The bill allows the government to take over, manage or suspend telecommunication services or a network over national security.
Federated apps are not censorship-resistant, right? I’d like to believe that this should not cause issue over federated web-apps, but at the same time, will it force VPS vendors to comply with the rule of the state, and therefore, restrict apps?
I’d like to think of how could such arrangements be bypassed? Lemmy’s documentation mentions about running it as a Tor-hidden service.
If your local censor is not effectively blocking Tor, then you can just use Tor Browser to access lemmy.ml’s normal address via an exit node. Onion services don’t particularly help with circumventing censorship that is performed by the ISP of the user.

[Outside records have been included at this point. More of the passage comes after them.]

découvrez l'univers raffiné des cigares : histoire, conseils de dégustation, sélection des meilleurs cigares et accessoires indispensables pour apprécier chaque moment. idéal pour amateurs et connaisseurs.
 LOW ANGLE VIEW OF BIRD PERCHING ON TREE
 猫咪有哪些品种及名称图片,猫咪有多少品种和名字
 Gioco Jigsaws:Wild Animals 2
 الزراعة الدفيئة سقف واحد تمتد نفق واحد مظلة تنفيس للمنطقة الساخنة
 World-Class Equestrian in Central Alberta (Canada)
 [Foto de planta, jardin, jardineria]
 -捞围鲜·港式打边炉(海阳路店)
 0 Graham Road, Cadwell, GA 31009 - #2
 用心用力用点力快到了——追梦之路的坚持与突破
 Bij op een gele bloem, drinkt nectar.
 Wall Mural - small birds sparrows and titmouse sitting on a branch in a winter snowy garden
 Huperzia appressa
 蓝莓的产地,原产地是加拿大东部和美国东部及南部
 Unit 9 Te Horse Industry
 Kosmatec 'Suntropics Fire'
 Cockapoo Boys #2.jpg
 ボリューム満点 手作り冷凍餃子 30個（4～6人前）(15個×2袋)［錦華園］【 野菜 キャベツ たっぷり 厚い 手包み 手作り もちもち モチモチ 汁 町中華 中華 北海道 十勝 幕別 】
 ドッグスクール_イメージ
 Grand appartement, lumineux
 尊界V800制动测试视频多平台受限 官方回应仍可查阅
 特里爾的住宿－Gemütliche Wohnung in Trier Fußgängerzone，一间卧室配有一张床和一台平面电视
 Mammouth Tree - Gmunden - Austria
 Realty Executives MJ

Onion services are useful for removing load from the exit nodes (since connections to them don’t need to go through exit nodes) and for having a self-authenticating address that doesn’t immediately reveal the location of the server. However, the location-hiding properties of onion services are not actually very strong at all (note that they used to be called hidden services and mostly aren’t anymore) and should not be relied upon. There are many adversaries who can locate a “hidden” service in a relatively short period of time. So, onion services are only potentially useful for resistance of censorship at the server’s location in the short-term and/or against weak adversaries.